> _Input material_
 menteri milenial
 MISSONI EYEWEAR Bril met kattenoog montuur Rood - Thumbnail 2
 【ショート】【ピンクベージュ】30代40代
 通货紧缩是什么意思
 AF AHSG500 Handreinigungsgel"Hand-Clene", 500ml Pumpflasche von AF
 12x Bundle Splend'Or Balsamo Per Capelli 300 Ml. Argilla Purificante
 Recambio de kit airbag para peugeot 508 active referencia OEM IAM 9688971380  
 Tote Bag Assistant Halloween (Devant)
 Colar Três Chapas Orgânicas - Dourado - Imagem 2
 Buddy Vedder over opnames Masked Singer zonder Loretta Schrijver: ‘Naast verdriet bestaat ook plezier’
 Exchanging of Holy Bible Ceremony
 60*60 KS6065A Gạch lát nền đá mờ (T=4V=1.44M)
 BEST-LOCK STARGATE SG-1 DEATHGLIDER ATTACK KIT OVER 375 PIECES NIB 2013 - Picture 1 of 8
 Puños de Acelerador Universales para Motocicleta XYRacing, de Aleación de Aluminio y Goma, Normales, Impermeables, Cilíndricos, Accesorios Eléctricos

---

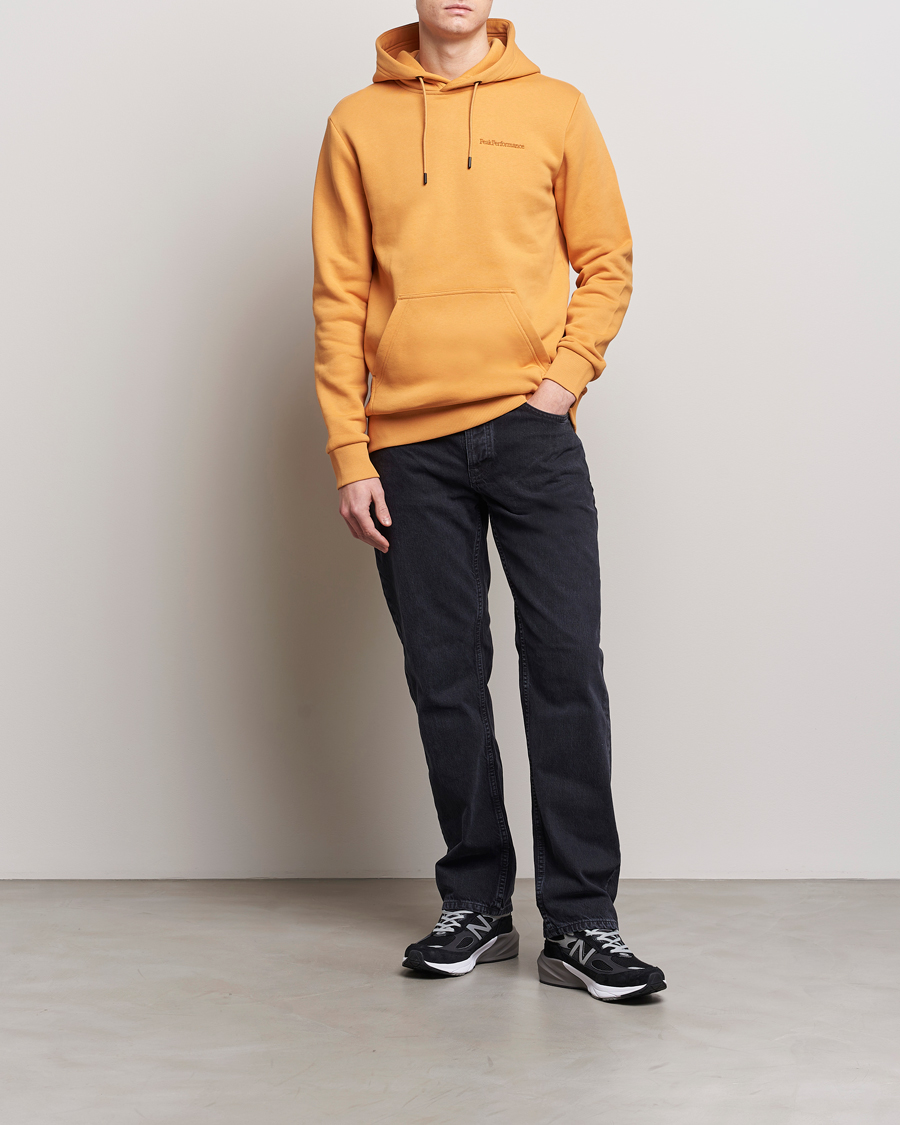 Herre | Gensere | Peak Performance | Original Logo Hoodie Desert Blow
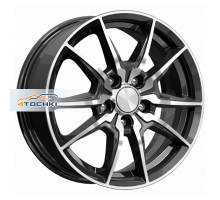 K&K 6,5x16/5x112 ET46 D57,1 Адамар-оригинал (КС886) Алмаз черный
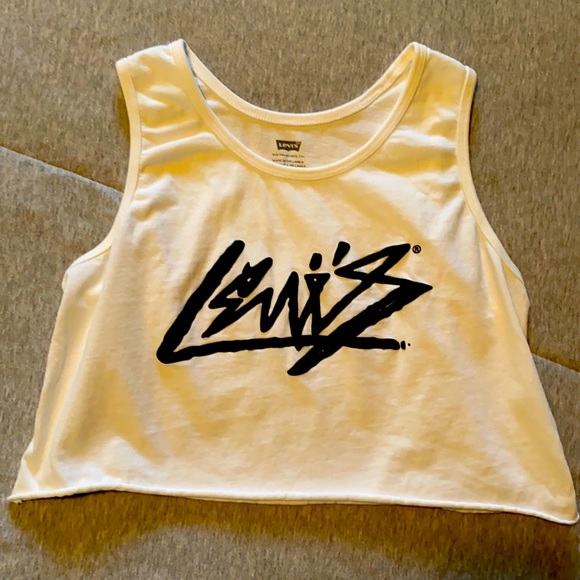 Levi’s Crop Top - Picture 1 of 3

> _Task description_
Restate word for word the lines of the data above, starting at the line containing "BEST-LOCK STARGATE SG-1" and ending at the line containing "Puños de Acelerador", both included, and nothing more.

> _Solved exercise_
 BEST-LOCK STARGATE SG-1 DEATHGLIDER ATTACK KIT OVER 375 PIECES NIB 2013 - Picture 1 of 8
 Puños de Acelerador Universales para Motocicleta XYRacing, de Aleación de Aluminio y Goma, Normales, Impermeables, Cilíndricos, Accesorios Eléctricos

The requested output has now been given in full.